**Instructions for the task:**
All of the entries need to be printed again exactly; pictures are the only thing to omit.

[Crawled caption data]
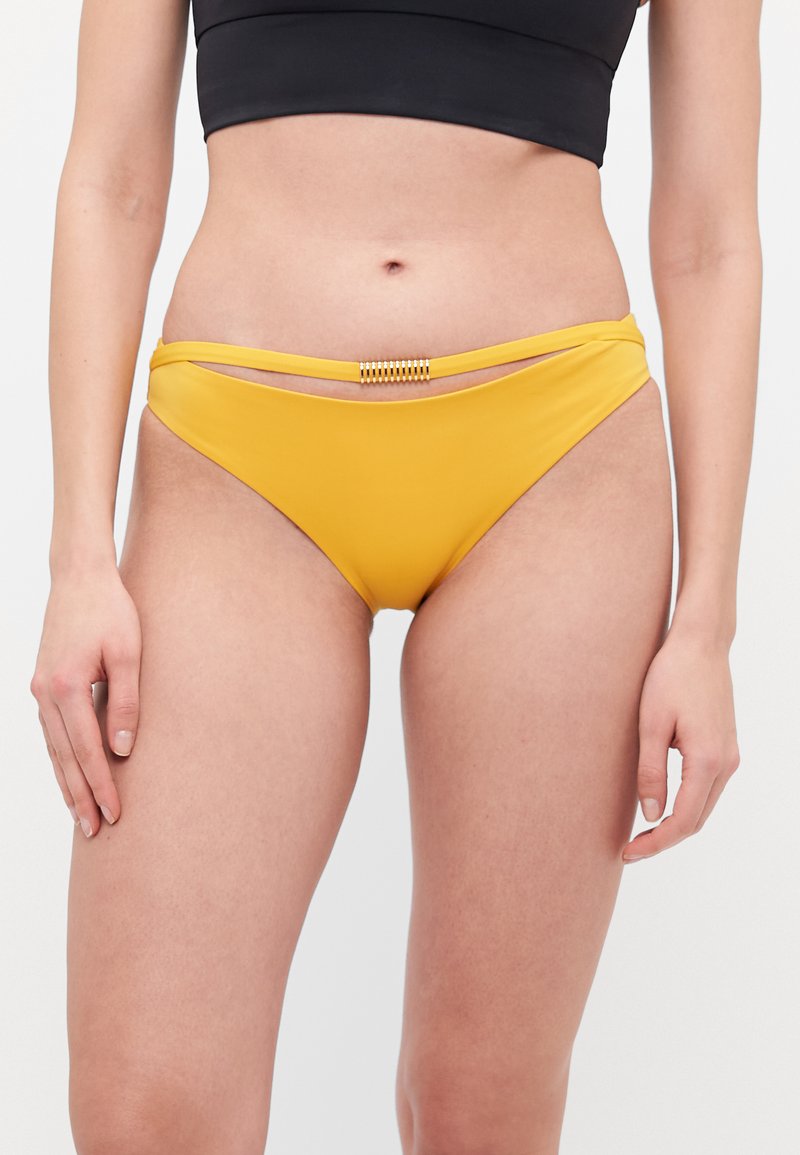 Gule bikini-bukser med glatt stoff, lav midje, og en dekorativ stropp med gullfarget beslag foran i midten.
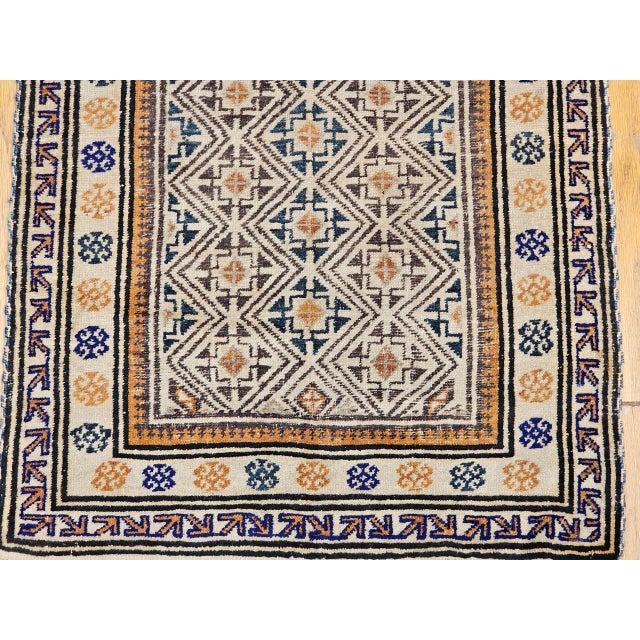 Early 20th Century Baluch Tribal Area Rug in a Prayer Pattern in Ivory, Brown, Navy Blue For Sale - Image 4 of 11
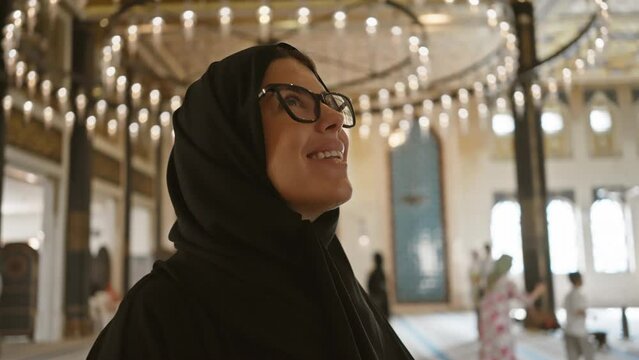 A smiling woman in glasses and hijab inside the ornate architecture of katara cultural village mosque in doha, qatar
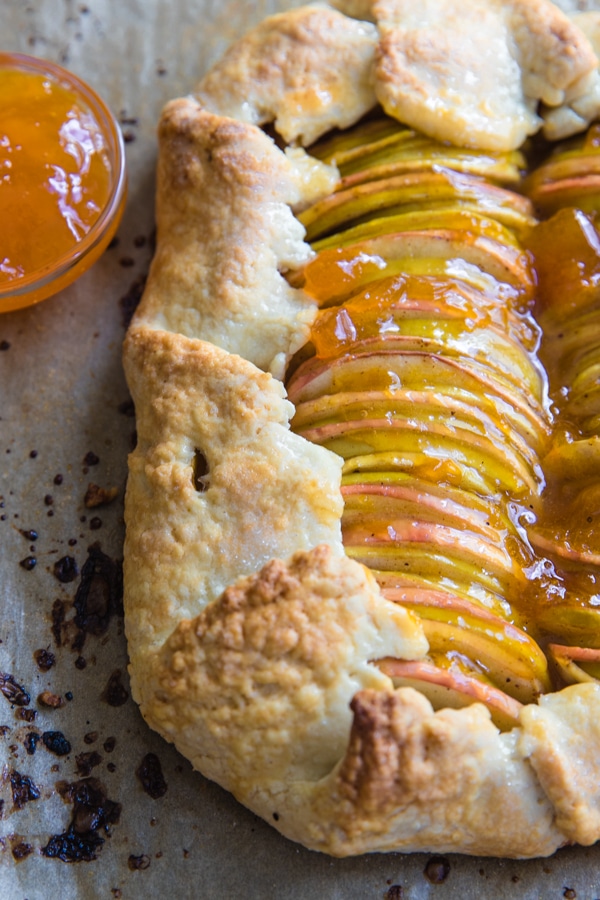 a baked apple galette on parchment paper with apricot jam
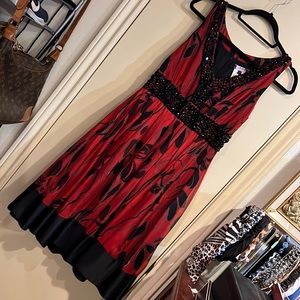 Dark red dress size XS with detailed black stones.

**Solution for this problem:**
 Gule bikini-bukser med glatt stoff, lav midje, og en dekorativ stropp med gullfarget beslag foran i midten.
 Early 20th Century Baluch Tribal Area Rug in a Prayer Pattern in Ivory, Brown, Navy Blue For Sale - Image 4 of 11
 A smiling woman in glasses and hijab inside the ornate architecture of katara cultural village mosque in doha, qatar
 a baked apple galette on parchment paper with apricot jam
 Dark red dress size XS with detailed black stones.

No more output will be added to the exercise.